Tuesday, October 27, 2009

Dead Zones Doubling Every Decade

http://www.livescience.com/environment/etc/091008-dead-zones-doubling-every-decade.html


Dead Zones Doubling Every Decade
Submitted by LiveScience Staff
posted: 08 October 2009 03:04 pm ET

Global distribution of the more than 400 marine systems with dead zones caused by increased nutrient runoff. Their distribution matches the current human "footprint" in the northern hemisphere. In the southern hemisphere, dead zones have only been reported recently.

Earth's oceans currently have more than 400 dead zones, oxygen-starved areas that are hundreds or thousands of square miles and virtually devoid of life during summer months.

The tally is doubling every decade, according to the National Science Foundation.

Most dead zones, including one in the Gulf of Mexico, are caused by pollution that is dumped into oceans by rivers. It works like this:

Each year, spring runoff washes nitrogen-rich fertilizers from farms in the Mississippi River basin and carries them into the river and the streams that feed it. The nitrogen eventually empties out of the mouth of the Mississippi and into the Gulf of Mexico, where tiny phytoplankton feed off of it and spread into an enormous bloom.

When these creatures die, they sink to the ocean floor, and their decomposition strips the water of oxygen. This condition, called hypoxia, prevents animals that depend on oxygen, such as fish or shrimp, from living in those waters.

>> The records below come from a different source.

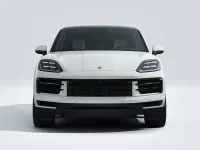 Usata Porsche Cayenne 470 CV (345 kW) 2024 Grigio SUV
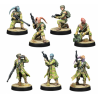 Starter Set - Rebel Alliance - Star Wars Legion (ES/DE/EN/FR)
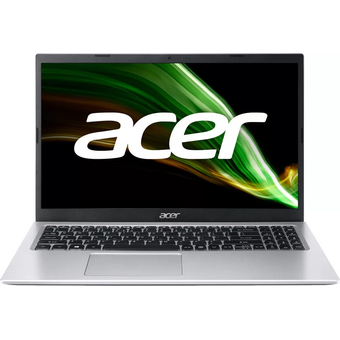  Ноутбук Acer Aspire A315-59-52X6 (NX.K6TER.007) 15.6" IPS FHD/Core i5 1235U/16Gb/512Gb SSD/VGA int/noOS/silver 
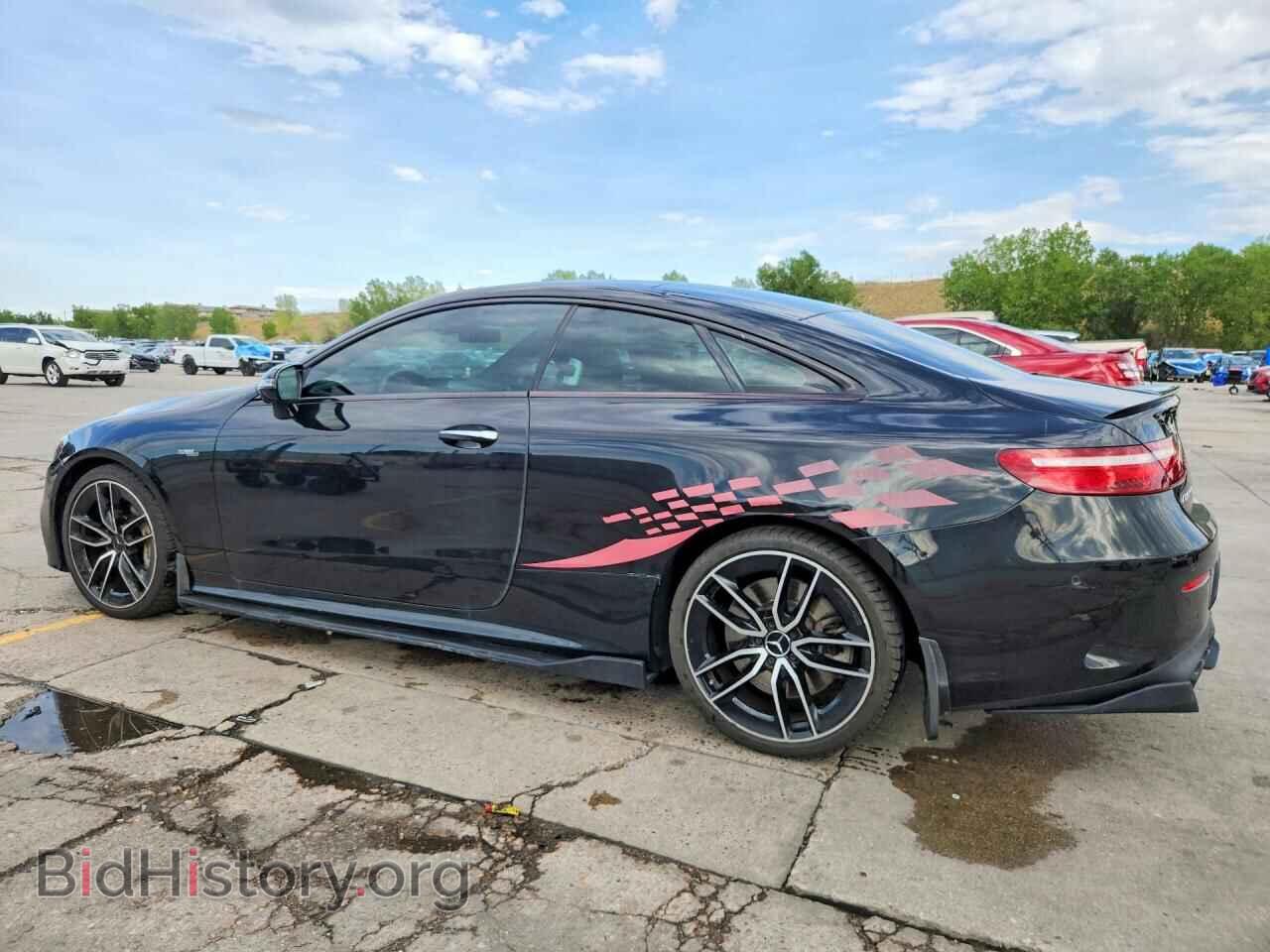 2019 MERCEDES-BENZ E-CLASS - VIN: WDD1J6BB2KF089384 - Фото 2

In recent years, this so-called "dead zone" has grown to the size of New Jersey—about 20,000 square kilometers (7,700 square miles)—each summer.

But there's another emerging culprit, the NSF explains in a new special report. Every summer since 2002, the Pacific Northwest's coastal waters -- one of the U.S.'s most important fisheries -- has seen massive dead zones believed to be caused by an entirely different and surprising phenomena: changes in oceanic and atmospheric circulation that may, in turn, be caused by climate change.